Right now, hydrogen production has a mixed report card in terms of its emissions output. Making the dirtiest hydrogen is equivalent to burning coal, while at its cleanest, it is nearly carbon-free. Hydrogen’s role as part of the climate solution hinges on choices of how it’s produced and used — choices that the US Department of Energy (DOE) is making right now.
This week, the DOE will open its competitive process for interested investors — like states, companies, and cities — to apply for a piece of the $8 billion Congress has invested in hydrogen “hubs” in the 2021 bipartisan infrastructure legislation. These “H2Hubs” (DOE’s shorthand for the program) will bring together a network of clean hydrogen producers, consumers, and connective infrastructure to deliver projects that facilitate the demonstration, development, and commercialization of the nation’s clean hydrogen economy. What’s exciting and critical is that hydrogen can be used in nearly every energy-intensive application — and RMI believes it should be prioritized for heavy, hard-to-electrify industries like steelmaking, shipping, trucking, and aviation.
What’s Next for These Hubs
Right now, we are in an opportune moment to shape the future of America’s clean hydrogen economy, including what it means for hydrogen to truly be clean. As part of this competitive funding application process, DOE will likely set clearer guidelines on how hydrogen should be made by producers and used in industry. These guidelines are expected to focus on a carbon intensity standard for hydrogen production, as well as project merit criteria for the hubs.
As it stands, the definition of “clean” hydrogen provided in the infrastructure legislation is woefully inadequate. Because the current definition excludes off-site emissions —such as pollution from methane leaks in the gas supply chain or electricity generation — funding intended for “clean” hydrogen could end up paying for hydrogen with a large carbon footprint. The current definition leaves out much of the true emissions currently created by some forms of hydrogen production; a more comprehensive and realistic definition could account for 2 to 10 times greater emissions.

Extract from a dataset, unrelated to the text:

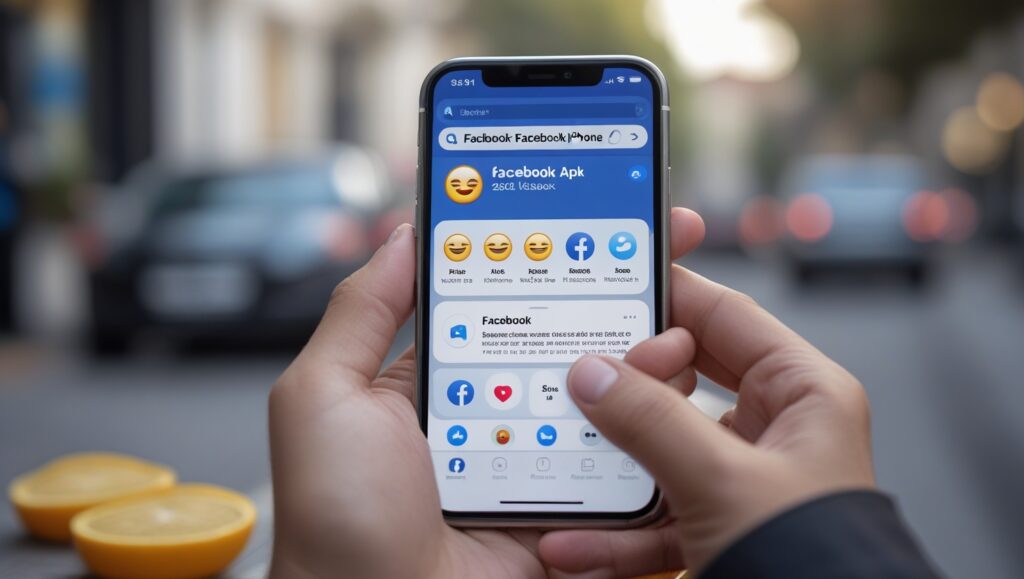Facebook estilo iPhone APK última versiónFacebook iOS 16 APKFacebook estilo iPhone para descargar 2025Facebook estilo iPhone iOS 17Facebook estilo iOS 13Facebook estilo iPhone iOS 18Facebook iPhone 6Facebook iOS 15 APK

A better path forward is possible, and it could be a major opportunity for the American economy. Adopting a carbon intensity standard for clean hydrogen that looks further than emissions produced “at the site of production” is crucial. Ideally, in the near term, the standard would reduce the carbon intensity of the full production life cycle by at least 80 percent as compared with today’s main hydrogen production method, which depends on methane.
Prioritizing investments and incentives to ramp up hydrogen with near-zero emissions will ensure that hydrogen is produced in a way that helps us fight climate change by truly achieving a net-zero energy system. “Green” hydrogen — produced from electrolysis with zero-carbon power — produces no operational emissions and is projected to outcompete fossil-derived “blue” hydrogen on cost in almost every country by 2030. Still, blue hydrogen — produced from methane gas, but capturing the resulting emissions — could also be a contender if it achieves very high carbon capture rates and controls methane leaks from gas wells and pipelines.
Setting the Standard
Importantly, adopting a stringent clean hydrogen standard — in line with emerging international standards and voluntary commitments — will ensure that the United States is not isolated from global trade opportunities. Emerging global markets for green steel and green shipping may exclude US products made with high-carbon hydrogen — a risk the United States should avoid by getting its domestic hydrogen standard right from the outset. An innovative and competitive market for clean hydrogen is already growing rapidly in Europe, Japan, and China — and plenty of customers are demanding “green” or “net-zero” industrial products here in the United States, too.
Clean hydrogen could be a game changer for the US energy system — boosting our role as a climate and economic leader internationally and making our critical domestic industries more resilient for the future. To name just a few promising applications, hydrogen can be used to replace coal used in steelmaking, diesel fuel for trucks, and oil used in maritime shipping. It can also be used to make fertilizer for farmers.
Hydrogen’s expansive range in terms of geographic reach, end-use potential, and ability to decarbonize our hardest-to-abate heavy industries could make it a clean energy gold mine. But building the foundations of a truly clean hydrogen economy means being honest about hydrogen’s complicated status as a decarbonization tool, and being strategic about its role in our future.
Hydrogen must be produced with low to no emissions — and there has never been a better time to do that work than right now. The DOE can send a bold investment signal by putting in place a strong clean hydrogen standard, and by outlining criteria for its hydrogen hubs program that incentivize projects with the lowest possible production emissions and highest-value end uses.